あなたなら、こんなAさんに、どんな声を掛けますか?
まさか間違っても「望まない催眠暗示は効かないんだから、貴方は心のどこかで、Bさんにイカされることを望んでいたんですね」なんて言わないでしょう
「Bさんの催眠に掛かったんだから、Bさんのことを潜在意識では信頼していたんですね」とも言わないでしょう

わたしだったら、こう声を掛けます
「すごく辛かったですね……催眠は人間の心の働きなので、自らが望まない暗示にかかることもあるし、信用していない相手の暗示がかかることもあるんです。まずは、望まない暗示が取り除かれるまで、あらゆる催眠から距離を取ることをおすすめします。時間が癒やしてくれますよ」

今回の例は、もちろん誰にでも・いつでも当てはまる事ではありません
でも、催眠に掛かる人の中には、ごくたまに、催眠への感度が非常に高く、かつ、それを自身でコントロールできない(と思い込んでしまっている)方が存在します
そういう方は、このようなトラブルに見舞われる場合があるのです

それではこのようなトラブルを、どうすれば未然に防げたのでしょうか
完全に防ぐことは無理だとしても、可能性を下げることはできなかったのでしょうか

一つは言うまでもなく管理の問題です
健全をうたう催眠のワークショップで、誰の目もなくこのような事態を起こしてしまっているのは、管理責任を問われても仕方がないでしょう
(当然ですが今回の例は単なる例であり、実在する団体を批判しているものではありません)

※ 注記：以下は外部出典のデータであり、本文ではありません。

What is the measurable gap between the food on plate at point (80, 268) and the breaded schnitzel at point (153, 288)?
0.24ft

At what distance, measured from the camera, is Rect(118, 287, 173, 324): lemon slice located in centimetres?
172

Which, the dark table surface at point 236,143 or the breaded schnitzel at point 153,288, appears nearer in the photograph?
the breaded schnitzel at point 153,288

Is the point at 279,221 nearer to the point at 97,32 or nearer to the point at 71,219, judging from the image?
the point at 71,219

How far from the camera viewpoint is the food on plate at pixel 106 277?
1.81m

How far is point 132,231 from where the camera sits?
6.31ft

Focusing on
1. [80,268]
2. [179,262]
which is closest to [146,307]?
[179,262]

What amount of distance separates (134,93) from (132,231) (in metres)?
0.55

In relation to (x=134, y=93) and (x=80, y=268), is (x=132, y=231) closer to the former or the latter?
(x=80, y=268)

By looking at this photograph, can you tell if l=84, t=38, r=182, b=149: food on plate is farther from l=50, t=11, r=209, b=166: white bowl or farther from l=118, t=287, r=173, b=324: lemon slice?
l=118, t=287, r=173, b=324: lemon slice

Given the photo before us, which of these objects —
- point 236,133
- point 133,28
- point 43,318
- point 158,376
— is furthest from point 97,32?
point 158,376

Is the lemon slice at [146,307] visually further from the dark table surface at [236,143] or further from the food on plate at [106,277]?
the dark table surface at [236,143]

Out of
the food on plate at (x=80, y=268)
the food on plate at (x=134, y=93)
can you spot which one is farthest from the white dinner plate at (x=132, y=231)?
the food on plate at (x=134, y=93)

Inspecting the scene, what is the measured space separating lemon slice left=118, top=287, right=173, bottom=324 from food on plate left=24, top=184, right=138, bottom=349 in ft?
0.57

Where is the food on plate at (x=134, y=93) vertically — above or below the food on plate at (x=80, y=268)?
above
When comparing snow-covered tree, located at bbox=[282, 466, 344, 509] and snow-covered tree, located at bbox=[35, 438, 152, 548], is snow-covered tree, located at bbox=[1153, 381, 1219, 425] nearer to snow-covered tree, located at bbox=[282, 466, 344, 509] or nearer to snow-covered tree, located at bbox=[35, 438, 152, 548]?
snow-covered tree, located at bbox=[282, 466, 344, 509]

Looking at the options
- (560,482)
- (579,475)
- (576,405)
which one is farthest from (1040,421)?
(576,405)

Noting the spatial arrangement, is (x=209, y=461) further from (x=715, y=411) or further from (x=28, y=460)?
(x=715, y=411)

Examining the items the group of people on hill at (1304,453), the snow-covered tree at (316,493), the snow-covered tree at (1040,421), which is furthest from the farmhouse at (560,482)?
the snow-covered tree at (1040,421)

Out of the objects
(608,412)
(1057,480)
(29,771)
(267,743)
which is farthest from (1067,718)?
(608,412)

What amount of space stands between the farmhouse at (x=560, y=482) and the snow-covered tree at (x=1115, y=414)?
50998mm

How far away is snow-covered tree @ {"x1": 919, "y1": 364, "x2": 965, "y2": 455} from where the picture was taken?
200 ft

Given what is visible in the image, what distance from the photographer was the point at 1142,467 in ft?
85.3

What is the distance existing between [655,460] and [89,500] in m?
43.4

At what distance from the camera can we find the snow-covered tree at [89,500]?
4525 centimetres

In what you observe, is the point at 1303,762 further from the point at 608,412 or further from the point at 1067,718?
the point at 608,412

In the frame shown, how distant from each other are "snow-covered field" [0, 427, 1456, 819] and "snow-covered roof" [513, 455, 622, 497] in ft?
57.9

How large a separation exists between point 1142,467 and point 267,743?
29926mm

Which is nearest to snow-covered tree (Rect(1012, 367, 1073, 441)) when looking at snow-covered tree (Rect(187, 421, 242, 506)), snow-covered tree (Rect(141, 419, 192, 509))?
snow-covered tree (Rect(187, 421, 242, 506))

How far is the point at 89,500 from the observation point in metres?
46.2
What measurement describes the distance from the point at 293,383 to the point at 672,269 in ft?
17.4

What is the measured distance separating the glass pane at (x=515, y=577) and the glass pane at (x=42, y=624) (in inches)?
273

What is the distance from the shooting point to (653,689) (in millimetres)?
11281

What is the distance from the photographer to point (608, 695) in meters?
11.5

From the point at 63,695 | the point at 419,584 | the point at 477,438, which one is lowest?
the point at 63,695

ですが外部的なものではなく、自身でなにか、身を守る手段はないでしょうか
実は、答えは始めから出ています

「催眠は、相手への信頼が無いと掛かりません」
「貴方が望まない催眠暗示は、貴方の潜在意識がブロックして掛かりません」 と、事前に知っておくこと、です

勘の良い方はピンと来たかもしれません
これらの言説は、催眠の現象を表す事実なのではなく、これ自身が最重要な催眠暗示 なのです

この暗示がAさんに完全に入った状態であれば、Bさんのカウントダウンの途中で自ら催眠解除できたかもしれません
またそもそも、Bさんを信頼していないため、いくら同じリズムや声色であったとしても、効かなかったかもしれません
もちろんそれでも、100%事故を防ぐことは難しいですが、確実に、この暗示はAさん自身を守るための防具になります。

というわけで、改めて結論です。
催眠に信頼は "必要" です。
ですがそれは、信頼が無いと催眠に掛からない、という意味ではなく、信頼の無い・望まない催眠による不幸なトラブルを避けるために、催眠に関わるすべての人が持っておくべき、最重要な暗示なのです。